**DIRECTIONS FOR THIS TASK:**
Every line from the one with "Half bath featuring" to the end of the listing below must be printed exactly, with no other text and no pictures.

**MATERIAL PROVIDED:**
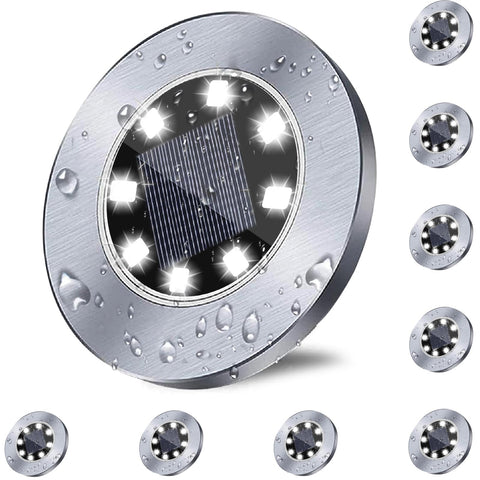 Rayolon 8-LED solar ground light brightening pathways at night.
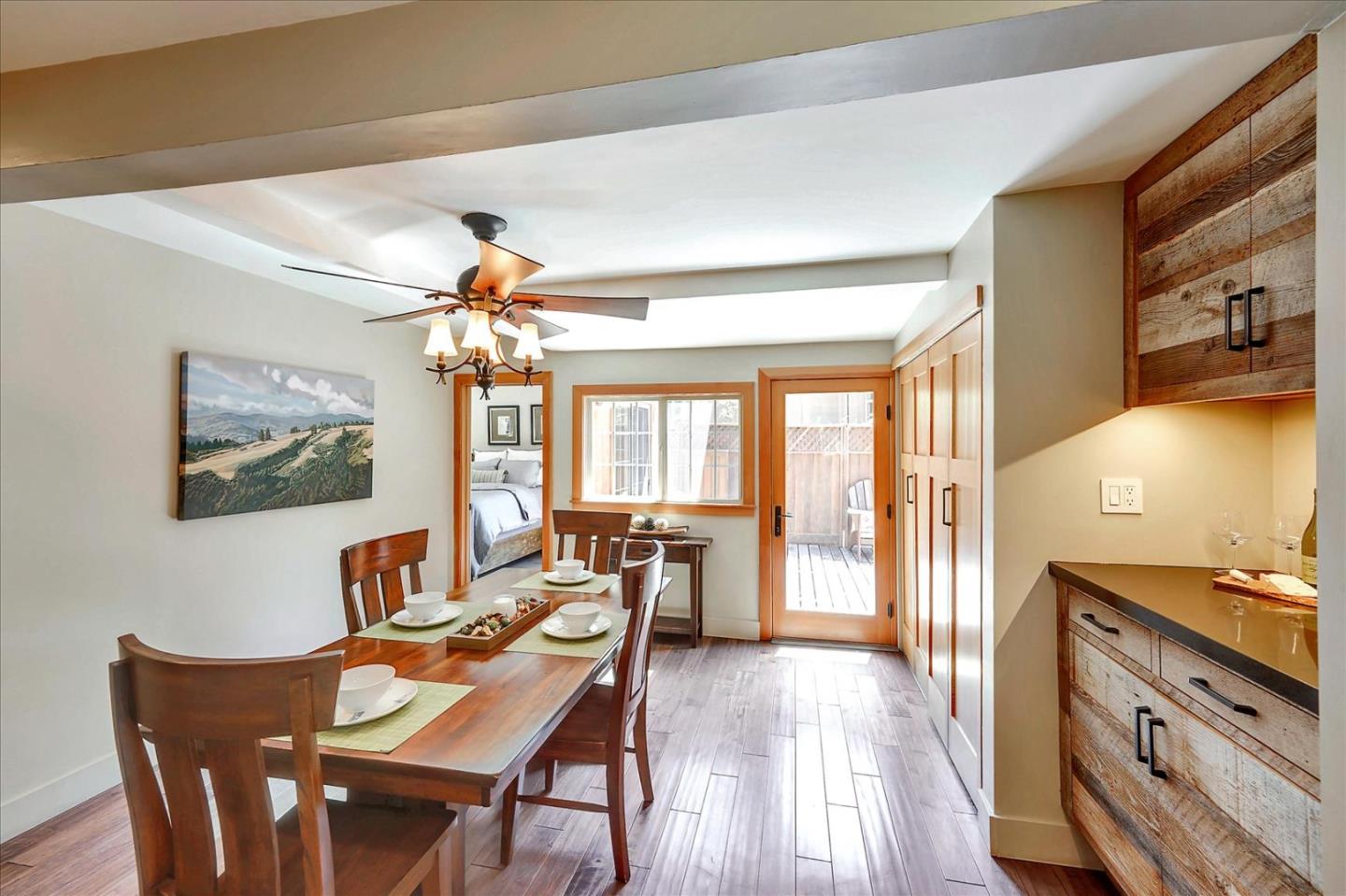 77 Forest Road Mount Hermon, CA 95041 - Photo 19 of 46 a view of a dining room with furniture a chandelier and wooden floor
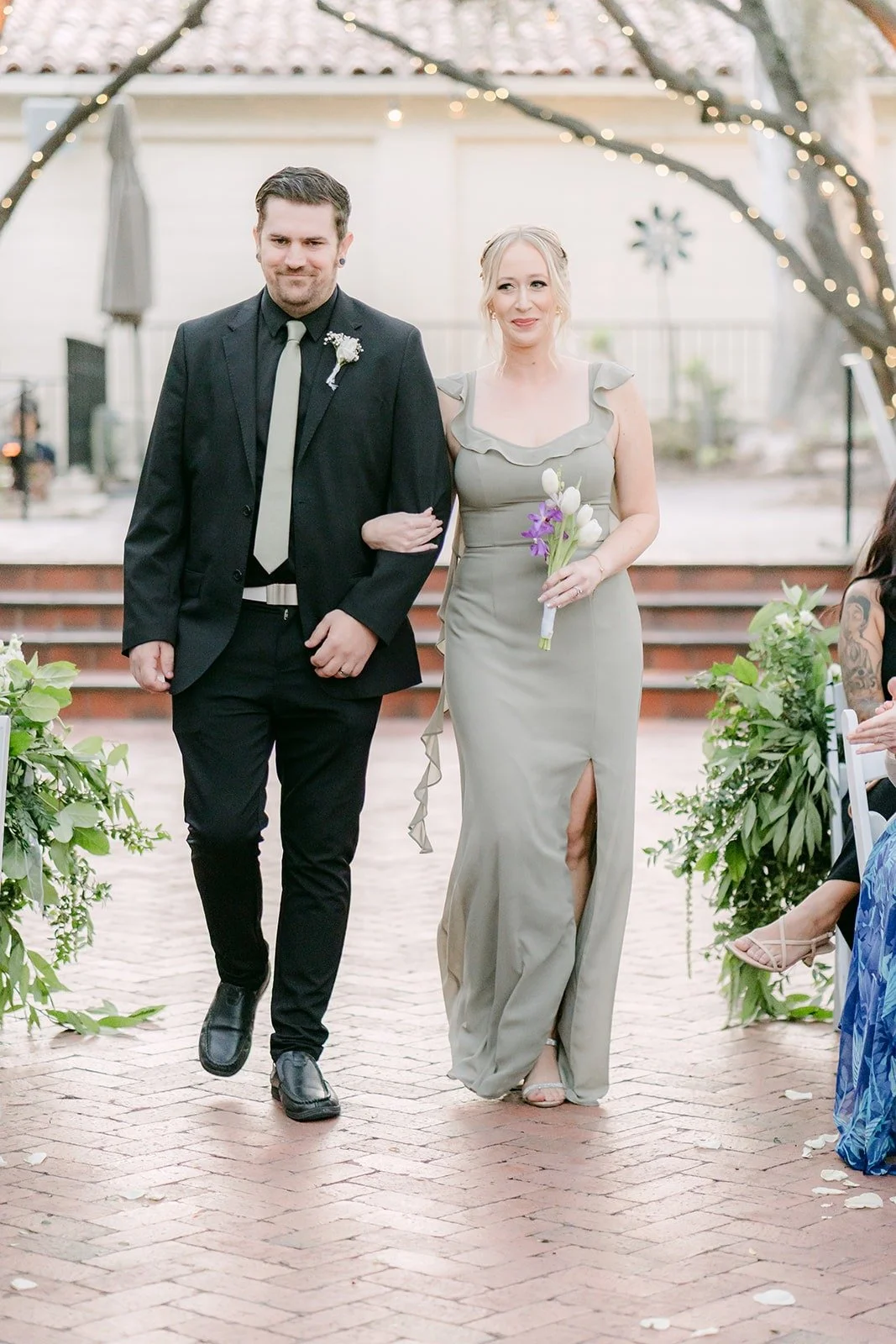 A bridesmaid in sage green walking down the aisle with a friend of the couple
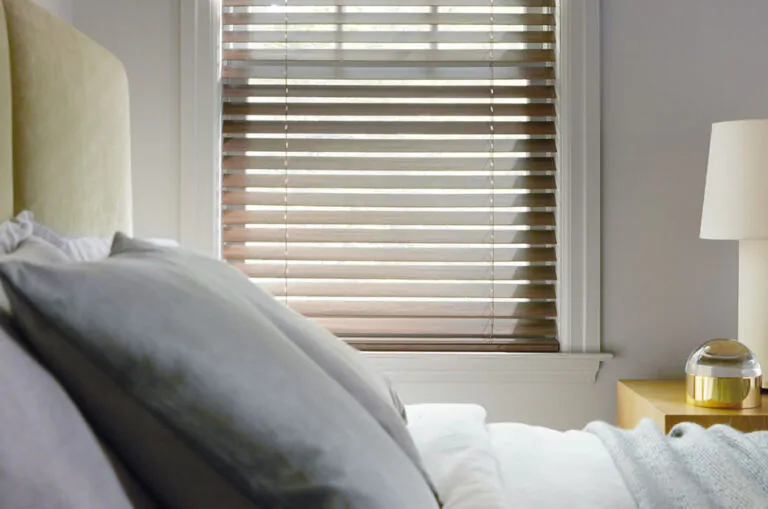 Learn how to measure for blinds like these Wood Blinds made of 2-inch Laminated wood in Light Walnut in a guest bedroom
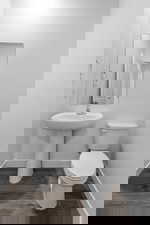 Half bath featuring baseboards and dark wood-type flooring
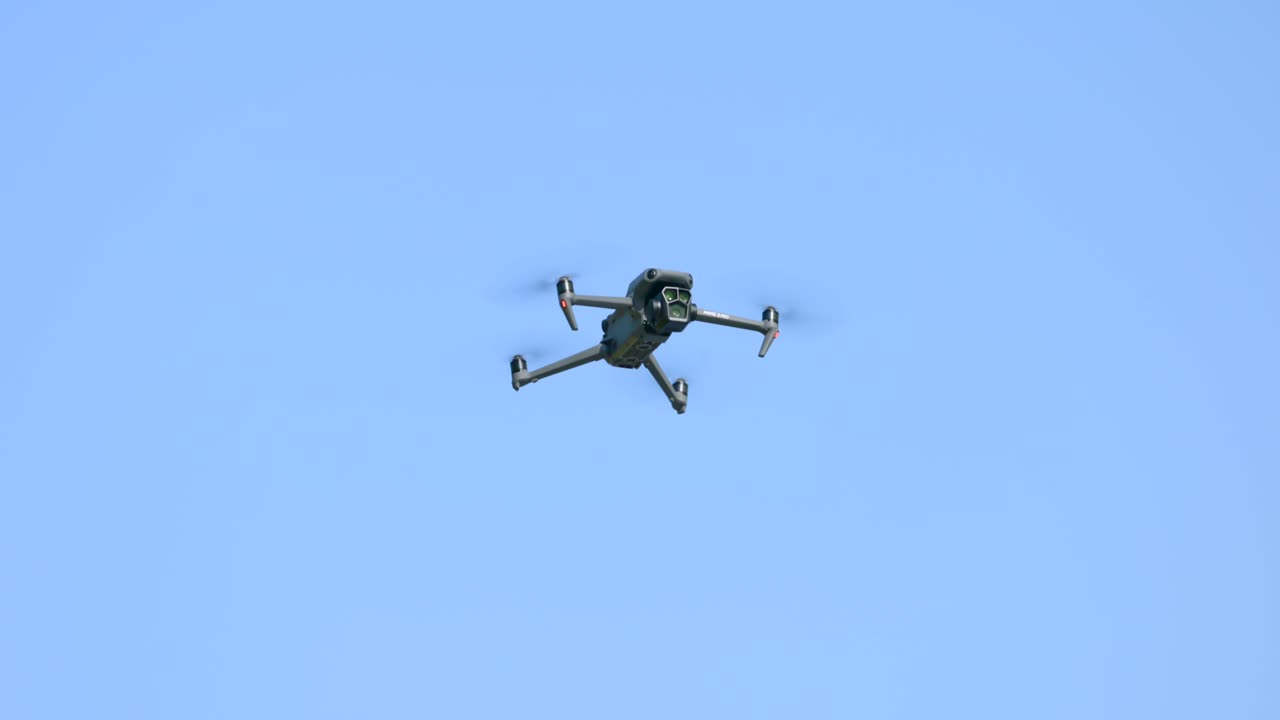 Drone Hovering Against Clear Blue Sky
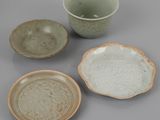three bowls and a bowl sitting on top of a table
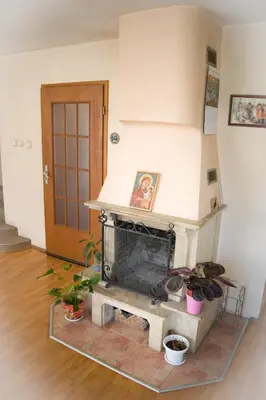 a fireplace in a living room with plants at Cosy, quiet house with Vitosha view near Paradise in Sofia
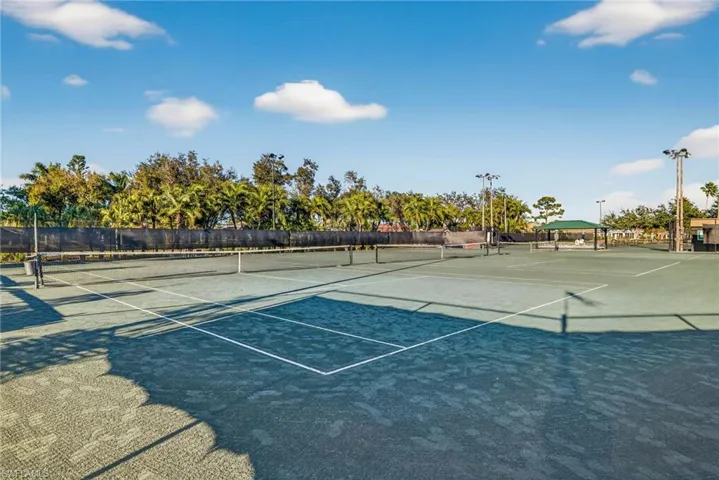 View of tennis court with community basketball court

**RESPONSE FOR THIS EXERCISE:**
 Half bath featuring baseboards and dark wood-type flooring
 Drone Hovering Against Clear Blue Sky
three bowls and a bowl sitting on top of a table
 a fireplace in a living room with plants at Cosy, quiet house with Vitosha view near Paradise in Sofia
 View of tennis court with community basketball court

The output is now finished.